一口にテストといっても様々な目的(測りたい力)があり、出題の仕方もいろいろです。英語4技能テストの出題とテスト結果から、受験者の英語力についてどのような解釈ができるかを考えてみます。

ここでは音読問題を例に取り上げます。音読は授業で最もよく行われている言語活動のひとつです。中学校でも高等学校でも、教科書にある本文を個人で読んだり、全員で声を合わせて読んだりする様子がよく見受けられます。

テストにおいて音読を取り入れた場合、どのようにテスト結果を解釈できるでしょうか。

生徒Aは、テストで出された初見の文章を、声に出して流ちょうに読むことができるとします。この生徒は書かれた単語を認識し、適切にそしてすらすらと音声化することができることを示しています。そのため、異なる文章であっても、よく似た単語が出てくるような場合、流ちょうに読むことができる力があると推測できます。

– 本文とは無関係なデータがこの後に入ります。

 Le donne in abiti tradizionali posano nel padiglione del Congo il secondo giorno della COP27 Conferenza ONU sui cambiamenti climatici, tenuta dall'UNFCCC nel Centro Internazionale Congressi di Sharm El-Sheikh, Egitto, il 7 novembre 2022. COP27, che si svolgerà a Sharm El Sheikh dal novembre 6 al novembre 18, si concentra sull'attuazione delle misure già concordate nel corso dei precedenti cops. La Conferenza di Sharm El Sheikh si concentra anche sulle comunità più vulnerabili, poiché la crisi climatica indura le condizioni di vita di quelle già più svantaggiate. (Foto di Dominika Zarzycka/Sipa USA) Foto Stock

しかしこのことから、スピーキング活動が上手にできると判断できるでしょうか。生徒Aは書かれたものを読み上げることは上手かもしれませんが、即興的なスピーチは不得意かもしれません。同様に、即興的なやり取りの力も測っていないので、どちらもできないかもしれません。

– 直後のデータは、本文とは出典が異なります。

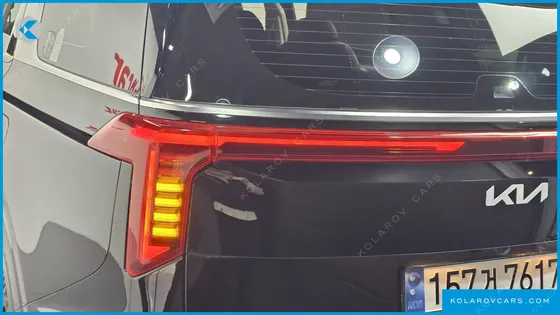 KIA CARNIVAL HEV 9SEATER SIGNATURE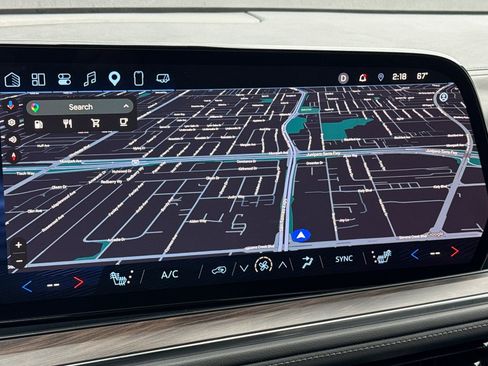 Used 2025 Chevrolet Suburban Z71 image 37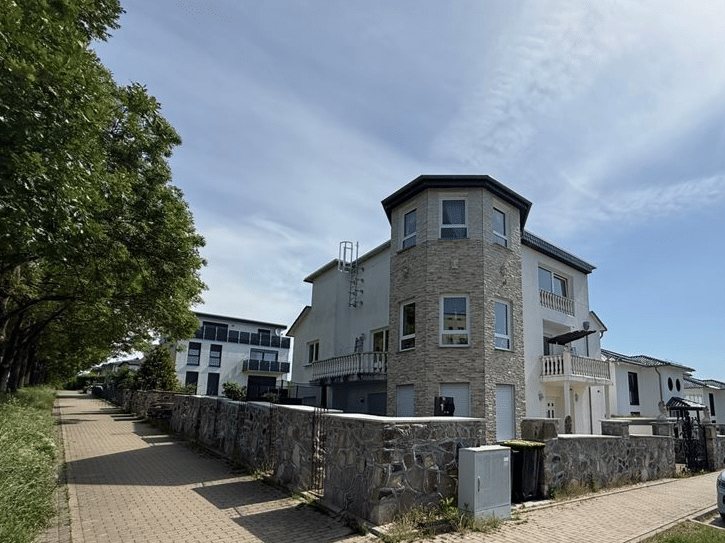 Großes 3-Familienhaus mit tollem Panoramablick in Kassel-Wolfsanger, 34125 Kassel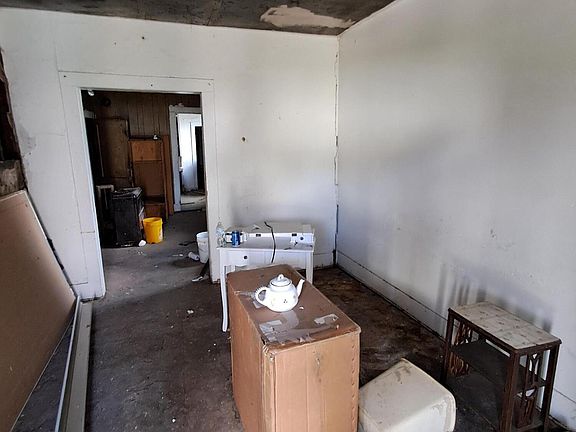 5th image of 209 Jervis St
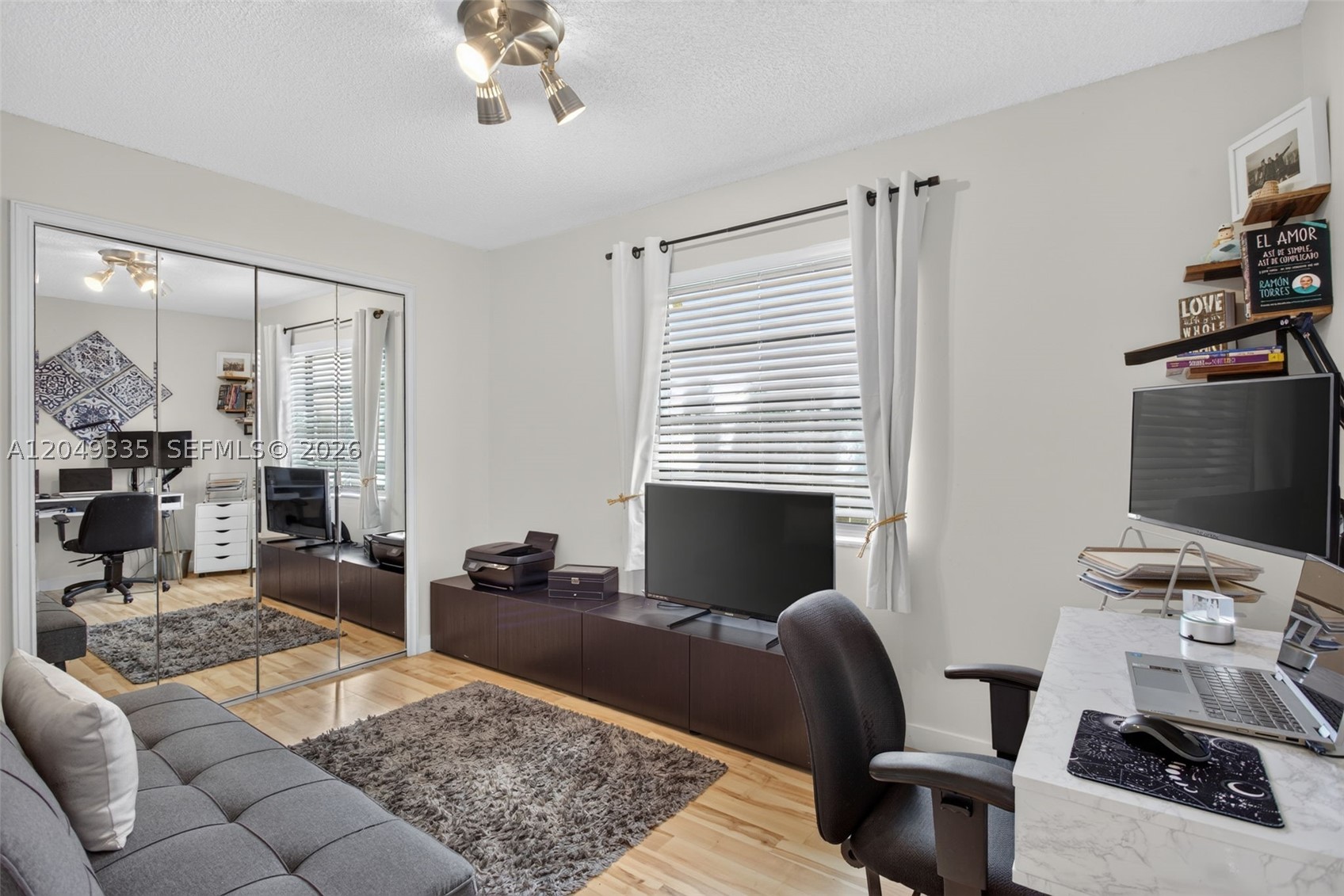 SUNRISE GOLF VILLAGE - Residential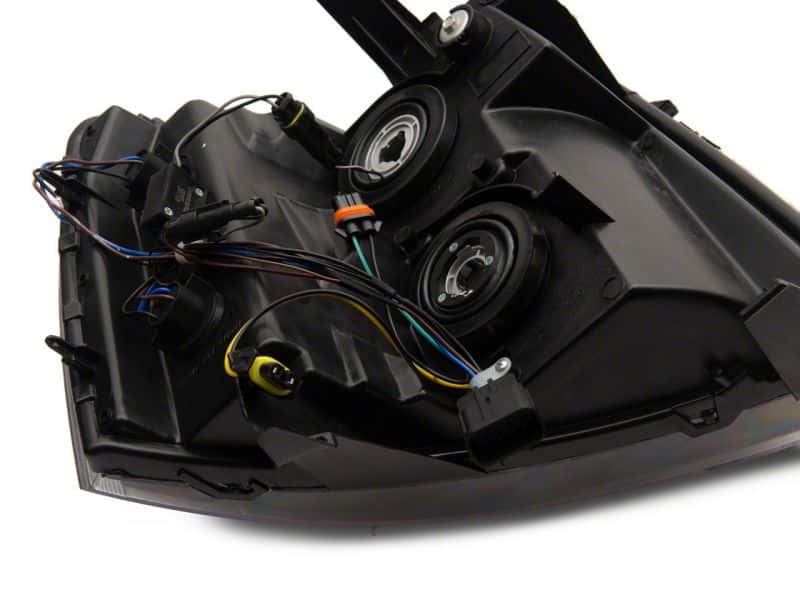 Raxiom — Raxiom 07-13 Chevrolet Silverado 1500 Axial Series Headlights w/ LED Bar- Blk Housing (Clear Lens)
Headlights - view 8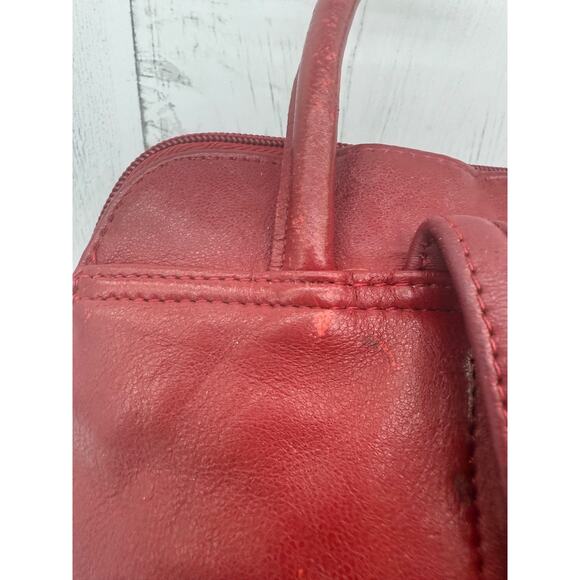 Wilson's Leather Red Backpack Sling Convertible Bag Pelle Studio Vtg See Photos - Picture 6 of 16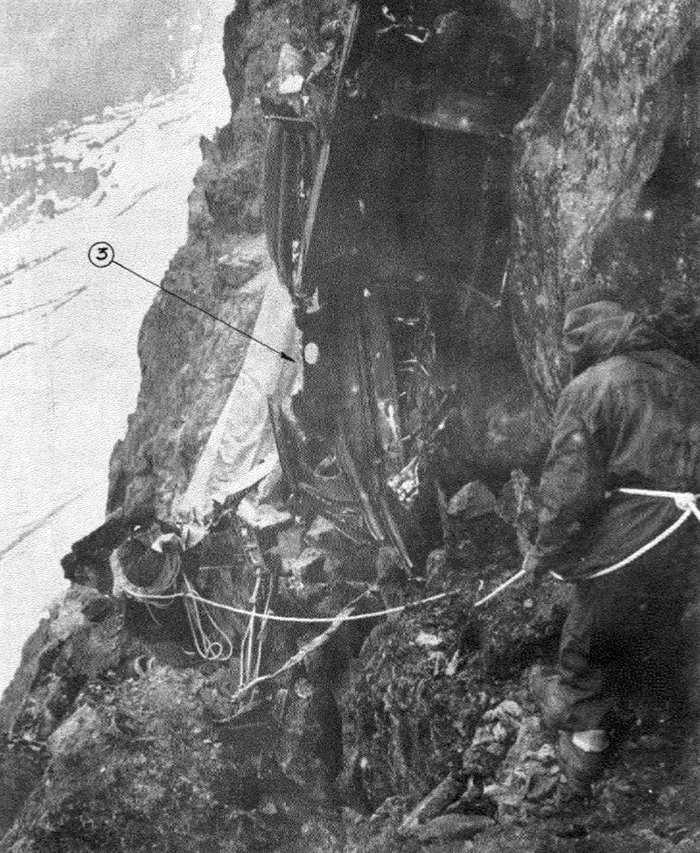 CRASH OF A CANADAIR C-4M2 NORTH STAR ON MT SLESSE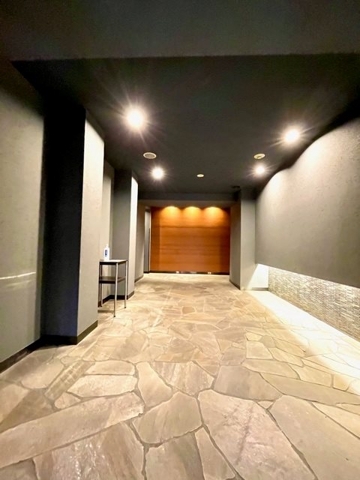 24/25 エントランス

一方、生徒Bは音読の課題は苦手だとします。そのため、テストで初見の文章を声に出すという課題が出されると、あまり高い点数はとれません。テストでは読むことに対する課題が明らかになり、音声面の力を発揮できないからです。スピーキング力を準備された原稿を読み上げることで測定しようとすると、読むことに課題がある生徒はほとんど点数がとれないでしょう。

けれども、このテストでは即興性を求めるスピーキング力を示す情報は収集されていません。そのため、もしかしたら、生徒Bは即興的なスピーキング力、例えば、人とやり取りをする力は非常に高いかもしれません。

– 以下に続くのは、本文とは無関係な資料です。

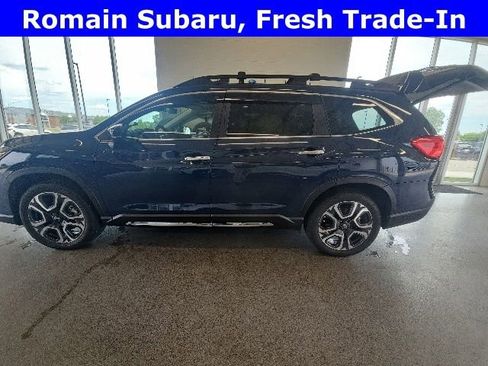 Used 2025 Subaru Ascent Touring AWD/4WD image 1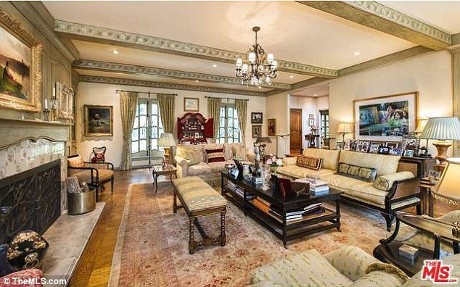 Akhirnya, Ozzy Osbourne Beli Rumah Mewah Lagi Rp 131 Miliar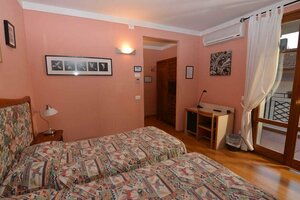Casa al Sole (Tuscany, province of Florence, Viale Vittorio Veneto, 82), hotel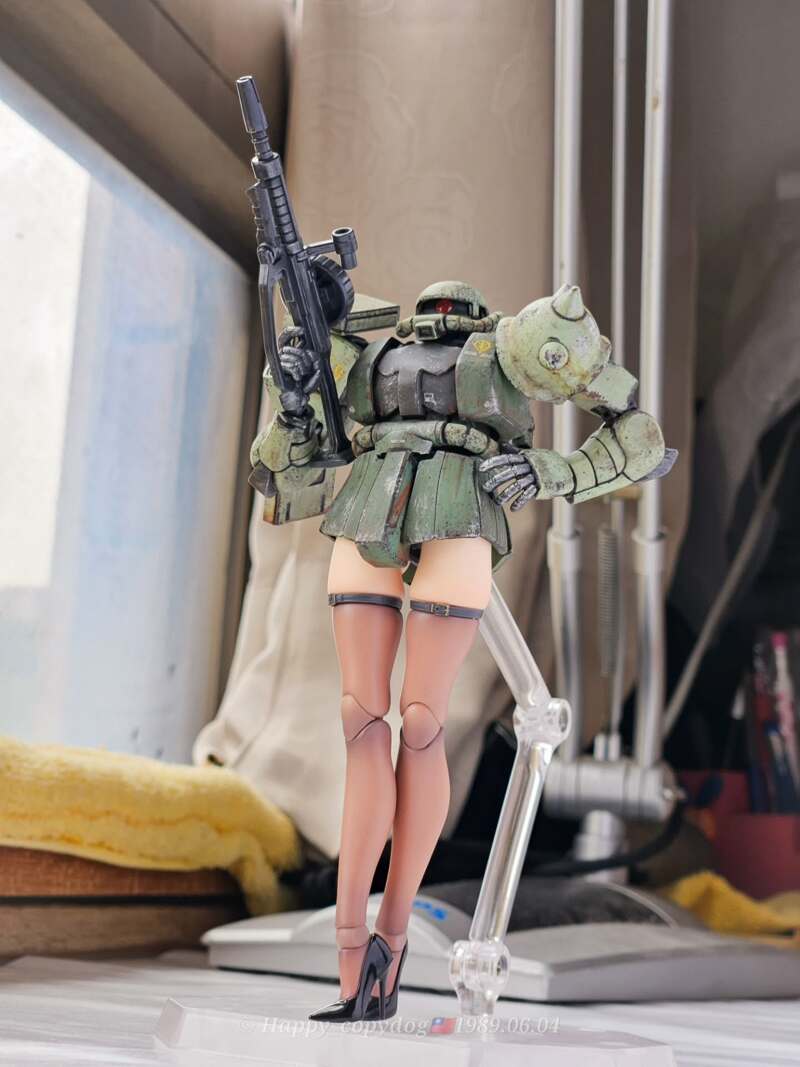 여성형 자쿠 (2)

ちなみに、「読めないけれども話すことができる」生徒がいることは、英語学習を「読むこと」から始めることとも関連があります。小学校では、「聞くこと」「話すこと」から英語学習が始まっています。音声で十分慣れ親しみ、「読むこと」が段階的に導入された場合、ここで上げている様子には変化があるかもしれません。

以上のように、音読もスピーキングも音声を出すという点では同じですが、テスト結果をどう解釈するかによって、個々の生徒の強みや弱みをどう把握できるかが変わってきます。

音読は読む活動の1つですが、発音やイントネーションを測るという視点でスピーキング活動の1つと判断されている場合があります。そのため、テストが測定していることを十分に見極め、その結果を「何ができるか」という視点から妥当な解釈することが大切です。